Have you ever had the unfortunate opportunity of experiencing a love affair with a man who is just far too afraid of commitment? Things start out well. You’re seeing a seemingly great guy. He’s doing such a good job of wooing you and winning you over. He makes you weak in the knees. And things are going so smoothly; straight out of a Hollywood romantic comedy. But then, there’s something that’s nagging at you. There’s that weird feeling that you just can’t seem to shake. You know that he’s falling for you and that you’re falling for him too. But somehow, you also get the feeling that he’s scared.
And it’s really frustrating. You meet someone and you know that you have some kind of connection with one another. Whenever you spend time together, you feel like you are exactly right where you need to be. Things are going smoothly, but then, as if out of impulse, he starts to pull away from you ever so slowly. He will act cold and distant with you. He is going to withdraw into himself and he’s not going to let you in. And he’s going to leave you feeling very confused and uneasy about the whole situation. He’s not going to be giving you much to work with emotionally. You’re going to feel cheated and shortchanged.
And it’s going to be a very emotionally vulnerable position that you’re going to find yourself in. You did your part. You made sure that you didn’t come off too strong. You made sure that you weren’t being too forward or aggressive. You let things take their natural course in the relationship. You didn’t rust or pressure him into doing or being anything for you at all. But you still can’t help but shake the feeling that it’s somehow your fault that he’s pulling away.
Okay. You have to stop thinking that it’s your fault. It’s not. It’s him. He’s scared. He’s frightened. And if it’s not with you, it would have been with just about anyone else. And that’s what this article is going to help you understand. As you read more and more, you’re going to come to discover what his thinking process is; why he’s doing what he’s doing and why none of it is your fault. And you’re also going to grow to discover why it’s possible for him to be in love with you and still be afraid of committing to you at the same time. Here are 3 signs that he’s in love with you but he has a fear of commitment:
1. It’s either a relationship that is full of fireworks or a relationship that is full of… nothing.
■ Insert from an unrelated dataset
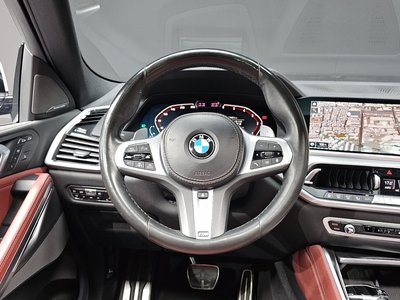 2020 BMW X6 — миниатюра 13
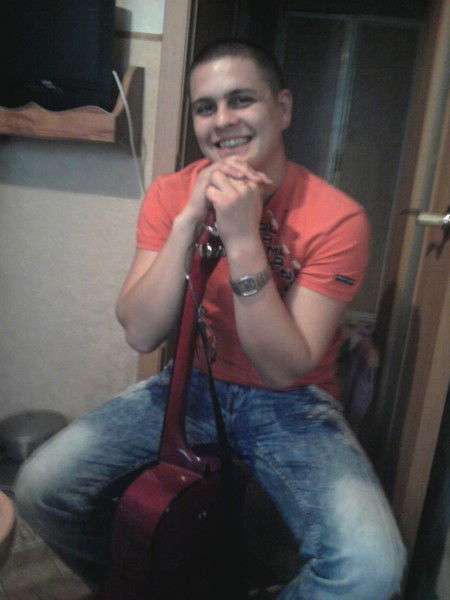 Владимир Лукьянчик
It’s as if your relationship is living on the extremes. It’s either it’s so amazing and unbelievable all of the time or it’s just completely sad and nonexistent. You never find your way to a place of moderation or stability. You are constantly having to deal with extremes. One minute, he’s the absolute best – he’s connecting with you in ways that you have never connected with anyone. And on the next minute, it’s as if he doesn’t even know who you are. This is the kind of emotional rollercoaster you have to bear with your relationship all of the time.
2. He doesn’t really put much effort or energy into your relationship.
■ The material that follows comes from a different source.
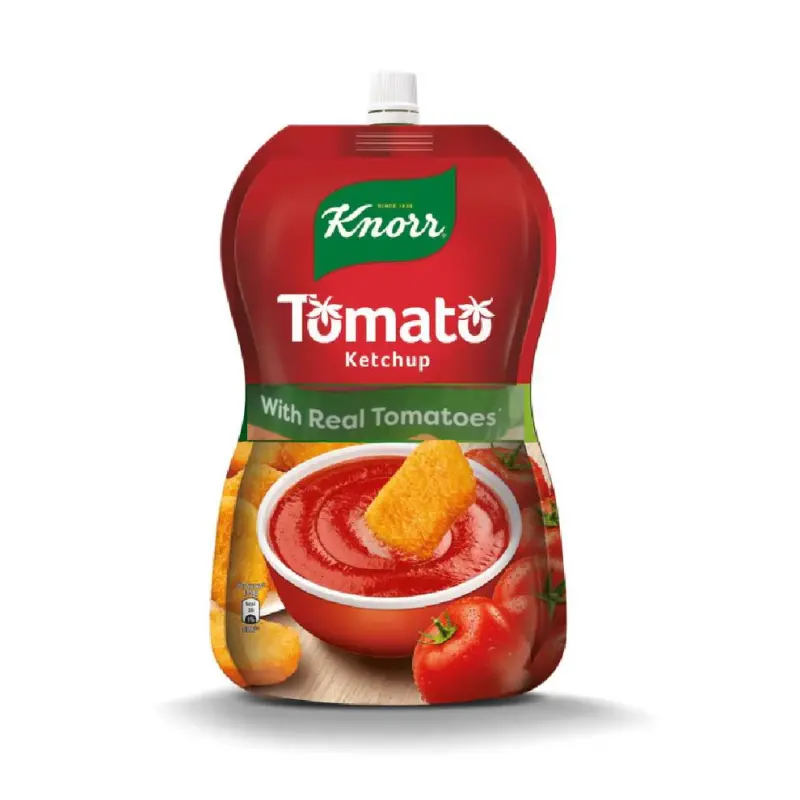 KNOOR TOMATO KETCHUP 400GM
People generally don’t put too much effort into the things that they don’t commit themselves to. So even if he’s acting like a great guy towards you, you know that he’s not committing to you if you feel like there’s a lack of energy there.
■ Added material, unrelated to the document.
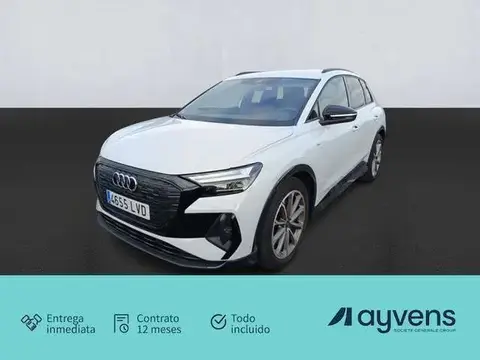 Used AUDI Q4 Electric 2021 Ad 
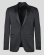SUIT SLIM FIT TECHNICAL TEXTILE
3. He tells you that he’s deeply in love with you but he doesn’t really engage in talks about future plans with you.
He plays the part perfectly. He is always so kind and caring towards you. He treats you with love and respect. He acts like a really great guy; someone who you can always rely on to be there for you – that is until you start talking about the future. Any talks of the future are going to scare him. He doesn’t really want to talk about the future because he only likes to live in the moment that he’s in.
At the end of the day, you can’t really fault him for being like this. You can’t fault a person for having fears and phobias. However, that doesn’t mean that you have to be putting up with it either. It has to get to a point wherein you make a choice; whether it be for him or for yourself. And ideally, you choose yourself. It’s nice if you give him a chance; if you give him the time and space to eventually get over his fears of committing to you. But you also have to strict enough to say when enough is enough; and you need to force him into making a decision with you. And if he’s just not willing to commit to you, then you’re going to have to move on to someone who will.